Neither am I persuaded that the decisions relied on by the majority to establish the contrary position are properly applicable in this case, nor that they “seriously undermine, if not overrule” Williams. The opinion in Townsend v. Burke,5 rendered prior to the Williams decision, rested on the grounds that the defendant was sentenced on the basis of patently false information, relied on by the court (in a very flippant manner) in sentencing, while defendant was without counsel. Townsend was decided while the rule announced in Bute v. Illinois6 was still in effect, to wit, denial of counsel in noncapital cases constituted denial of due process only where overreaching or prejudice resulted. The court’s observation that, had defendant had counsel present, the information summarized from the bench might have been challenged, was a means of showing that denial of counsel had prejudiced defendant, not an edict that all sentencing information must be placed at defendant’s disposal.
No more dispositive of the Williams rule is the case of Kent v. United States,7 a 5-4 decision holding that a District of Columbia statute8 permitting a juvenile court to waive exclusive jurisdiction and remit an accused to the district court required a hearing and defense access to social records relied on by the court in reaching its decision. It is noteworthy first that the case dealt only collaterally with due process considerations; it focused primarily on the statute itself. More important, however, is the fact that the waiver procedure was a pre-conviction matter, and determined whether or not the accused would receive the benefits of juvenile process or be subjected to full adversary proceedings. Such a holding cannot be regarded as controlling in a case such as the one before this Court, where conviction has been arrived at in full compliance with defendant’s constitutional rights, and only the imposition or waiver of legally-prescribed punishment remains to be determined by the court.
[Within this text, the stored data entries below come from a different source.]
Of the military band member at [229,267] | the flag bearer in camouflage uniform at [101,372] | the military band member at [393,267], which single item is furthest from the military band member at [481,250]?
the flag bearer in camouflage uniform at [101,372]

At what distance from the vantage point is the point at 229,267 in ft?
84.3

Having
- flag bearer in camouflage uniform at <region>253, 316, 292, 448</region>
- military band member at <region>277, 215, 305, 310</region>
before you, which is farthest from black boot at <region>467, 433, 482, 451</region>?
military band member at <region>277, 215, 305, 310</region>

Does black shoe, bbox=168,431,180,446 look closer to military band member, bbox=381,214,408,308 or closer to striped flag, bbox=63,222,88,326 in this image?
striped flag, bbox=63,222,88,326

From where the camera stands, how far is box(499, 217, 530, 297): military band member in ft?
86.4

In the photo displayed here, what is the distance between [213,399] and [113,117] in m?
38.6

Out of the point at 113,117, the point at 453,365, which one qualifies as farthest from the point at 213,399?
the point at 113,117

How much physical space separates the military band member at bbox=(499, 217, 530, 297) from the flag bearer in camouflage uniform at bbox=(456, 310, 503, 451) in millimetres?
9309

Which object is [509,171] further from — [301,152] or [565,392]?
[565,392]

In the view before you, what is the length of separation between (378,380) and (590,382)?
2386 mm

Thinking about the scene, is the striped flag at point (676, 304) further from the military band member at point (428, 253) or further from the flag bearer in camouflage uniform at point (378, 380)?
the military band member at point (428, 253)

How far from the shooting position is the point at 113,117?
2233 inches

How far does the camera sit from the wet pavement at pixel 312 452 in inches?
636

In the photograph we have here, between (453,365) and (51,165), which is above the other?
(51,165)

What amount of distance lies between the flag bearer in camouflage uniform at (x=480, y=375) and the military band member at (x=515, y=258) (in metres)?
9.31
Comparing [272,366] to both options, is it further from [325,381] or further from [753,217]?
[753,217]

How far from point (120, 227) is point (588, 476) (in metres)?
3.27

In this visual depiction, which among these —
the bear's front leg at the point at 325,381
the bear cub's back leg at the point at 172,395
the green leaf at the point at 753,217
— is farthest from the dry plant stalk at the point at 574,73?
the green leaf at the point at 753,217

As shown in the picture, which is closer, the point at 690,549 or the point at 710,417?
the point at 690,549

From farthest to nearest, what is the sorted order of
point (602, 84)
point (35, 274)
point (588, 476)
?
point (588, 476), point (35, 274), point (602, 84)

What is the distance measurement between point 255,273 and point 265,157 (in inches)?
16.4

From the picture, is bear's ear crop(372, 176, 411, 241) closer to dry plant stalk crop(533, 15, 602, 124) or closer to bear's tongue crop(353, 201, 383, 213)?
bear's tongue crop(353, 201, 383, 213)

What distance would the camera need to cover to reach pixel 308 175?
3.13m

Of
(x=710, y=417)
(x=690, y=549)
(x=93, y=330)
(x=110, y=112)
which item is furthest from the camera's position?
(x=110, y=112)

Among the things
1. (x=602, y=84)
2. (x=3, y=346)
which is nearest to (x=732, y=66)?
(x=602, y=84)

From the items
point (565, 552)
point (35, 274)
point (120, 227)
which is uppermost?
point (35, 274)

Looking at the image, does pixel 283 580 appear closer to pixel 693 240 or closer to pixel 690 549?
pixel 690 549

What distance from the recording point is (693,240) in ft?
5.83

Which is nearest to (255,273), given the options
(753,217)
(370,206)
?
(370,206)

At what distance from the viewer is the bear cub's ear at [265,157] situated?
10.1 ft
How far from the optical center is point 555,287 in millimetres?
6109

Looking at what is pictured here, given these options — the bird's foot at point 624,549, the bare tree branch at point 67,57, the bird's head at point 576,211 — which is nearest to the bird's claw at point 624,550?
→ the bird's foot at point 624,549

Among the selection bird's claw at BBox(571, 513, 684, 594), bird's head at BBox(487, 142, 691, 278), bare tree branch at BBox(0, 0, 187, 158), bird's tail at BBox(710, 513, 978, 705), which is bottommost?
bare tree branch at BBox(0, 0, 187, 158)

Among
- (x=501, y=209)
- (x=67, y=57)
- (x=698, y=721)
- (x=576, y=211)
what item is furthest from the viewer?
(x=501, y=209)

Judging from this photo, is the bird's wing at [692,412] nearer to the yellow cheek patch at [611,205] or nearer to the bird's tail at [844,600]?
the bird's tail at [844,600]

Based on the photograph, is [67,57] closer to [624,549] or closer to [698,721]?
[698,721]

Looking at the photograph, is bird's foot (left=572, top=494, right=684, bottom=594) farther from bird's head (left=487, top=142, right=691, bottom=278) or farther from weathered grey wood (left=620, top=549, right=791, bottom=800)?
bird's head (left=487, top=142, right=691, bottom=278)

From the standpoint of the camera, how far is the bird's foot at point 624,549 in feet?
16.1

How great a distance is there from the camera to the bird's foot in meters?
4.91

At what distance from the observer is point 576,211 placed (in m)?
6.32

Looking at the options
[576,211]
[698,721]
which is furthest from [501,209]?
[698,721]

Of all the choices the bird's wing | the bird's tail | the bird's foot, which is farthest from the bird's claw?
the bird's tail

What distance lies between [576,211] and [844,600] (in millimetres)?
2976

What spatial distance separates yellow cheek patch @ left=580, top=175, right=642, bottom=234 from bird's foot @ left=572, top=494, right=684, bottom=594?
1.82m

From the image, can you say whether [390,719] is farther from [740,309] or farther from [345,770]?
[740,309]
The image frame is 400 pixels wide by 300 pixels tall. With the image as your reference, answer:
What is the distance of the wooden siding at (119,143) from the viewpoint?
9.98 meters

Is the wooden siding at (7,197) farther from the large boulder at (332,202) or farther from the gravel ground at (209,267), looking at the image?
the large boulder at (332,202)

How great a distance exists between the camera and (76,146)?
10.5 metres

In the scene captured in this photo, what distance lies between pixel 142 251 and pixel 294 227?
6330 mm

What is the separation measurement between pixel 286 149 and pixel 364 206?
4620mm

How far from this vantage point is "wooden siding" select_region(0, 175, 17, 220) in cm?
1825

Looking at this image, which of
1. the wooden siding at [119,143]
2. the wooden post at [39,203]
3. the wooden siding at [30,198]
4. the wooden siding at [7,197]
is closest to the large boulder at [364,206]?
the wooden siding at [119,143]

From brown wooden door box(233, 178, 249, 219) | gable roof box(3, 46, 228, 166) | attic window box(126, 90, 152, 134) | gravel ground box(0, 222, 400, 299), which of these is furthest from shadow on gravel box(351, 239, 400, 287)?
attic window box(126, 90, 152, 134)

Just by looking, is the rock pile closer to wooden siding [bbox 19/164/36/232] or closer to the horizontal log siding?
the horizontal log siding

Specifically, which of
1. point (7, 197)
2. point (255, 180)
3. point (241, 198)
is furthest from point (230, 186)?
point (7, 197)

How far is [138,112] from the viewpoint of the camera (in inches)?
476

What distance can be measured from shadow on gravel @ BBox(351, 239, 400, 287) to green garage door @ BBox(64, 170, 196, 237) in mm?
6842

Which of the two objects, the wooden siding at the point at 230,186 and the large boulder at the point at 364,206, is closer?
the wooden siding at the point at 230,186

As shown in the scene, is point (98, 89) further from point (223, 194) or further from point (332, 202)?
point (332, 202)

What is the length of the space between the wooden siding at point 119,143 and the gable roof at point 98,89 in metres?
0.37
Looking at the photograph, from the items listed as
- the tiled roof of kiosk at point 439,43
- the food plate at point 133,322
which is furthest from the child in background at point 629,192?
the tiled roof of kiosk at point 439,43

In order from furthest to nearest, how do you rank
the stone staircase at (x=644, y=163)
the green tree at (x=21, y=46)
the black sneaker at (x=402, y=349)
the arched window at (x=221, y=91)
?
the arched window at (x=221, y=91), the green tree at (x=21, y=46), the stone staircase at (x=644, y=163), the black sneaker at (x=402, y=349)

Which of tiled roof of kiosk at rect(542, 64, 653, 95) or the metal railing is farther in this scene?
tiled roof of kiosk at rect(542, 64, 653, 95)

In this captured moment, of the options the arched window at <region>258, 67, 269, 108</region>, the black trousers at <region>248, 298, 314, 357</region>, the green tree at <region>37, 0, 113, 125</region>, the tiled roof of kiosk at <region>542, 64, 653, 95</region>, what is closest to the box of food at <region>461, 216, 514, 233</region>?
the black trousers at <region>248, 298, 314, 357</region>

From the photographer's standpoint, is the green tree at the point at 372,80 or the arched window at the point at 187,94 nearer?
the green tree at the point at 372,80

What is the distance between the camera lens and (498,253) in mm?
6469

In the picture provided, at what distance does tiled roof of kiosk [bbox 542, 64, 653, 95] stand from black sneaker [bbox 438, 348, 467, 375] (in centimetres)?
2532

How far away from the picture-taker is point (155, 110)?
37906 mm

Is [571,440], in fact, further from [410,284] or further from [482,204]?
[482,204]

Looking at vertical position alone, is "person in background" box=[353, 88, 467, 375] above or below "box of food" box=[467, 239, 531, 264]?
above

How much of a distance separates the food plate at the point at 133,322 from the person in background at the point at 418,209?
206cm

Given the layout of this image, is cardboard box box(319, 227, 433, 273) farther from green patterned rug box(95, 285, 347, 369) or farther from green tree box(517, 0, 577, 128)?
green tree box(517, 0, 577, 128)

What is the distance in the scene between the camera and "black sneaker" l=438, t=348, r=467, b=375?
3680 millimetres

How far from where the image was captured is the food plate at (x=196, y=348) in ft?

The Supreme Court took pains to point out that Williams had no bearing in the case of Specht v. Patterson,9 which presented a “radically different situation.”10 That case involved the application of the Colorado Sex Offenders Act11 to an individual convicted of a sex offense. The Court observed that the Act, which prescribed a procedure in the nature of a civil conviction, involved further fact-finding and evidence — it “makes one conviction the basis for commencing another proceeding under the Act to determine whether a person constitutes a threat of bodily harm to the public, or is an habitual offender or is mentally ill.”12 The statute having imposed such further proceedings, they ought to be dispatched with full due process rights, including disclosure of information to the accused. *1253Neither Williams nor the instant case involves such circumstances.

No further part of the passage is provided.